* **HOW TO COMPLETE THIS TASK**:
Repeat the lines below exactly as written, please, from the line with "Chronicles of the" to the line with "怎样申请杠杆买股票 氟化锰商品报价动态(2026-08-15)", both lines included, and no others.

* **GIVEN ENTRIES**:
..........

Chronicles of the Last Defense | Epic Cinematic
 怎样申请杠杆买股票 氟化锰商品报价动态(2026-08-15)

..........

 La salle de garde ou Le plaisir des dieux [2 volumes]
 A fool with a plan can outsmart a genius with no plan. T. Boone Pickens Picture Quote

..........

* **YOUR RESPONSE**:
Chronicles of the Last Defense | Epic Cinematic
 怎样申请杠杆买股票 氟化锰商品报价动态(2026-08-15)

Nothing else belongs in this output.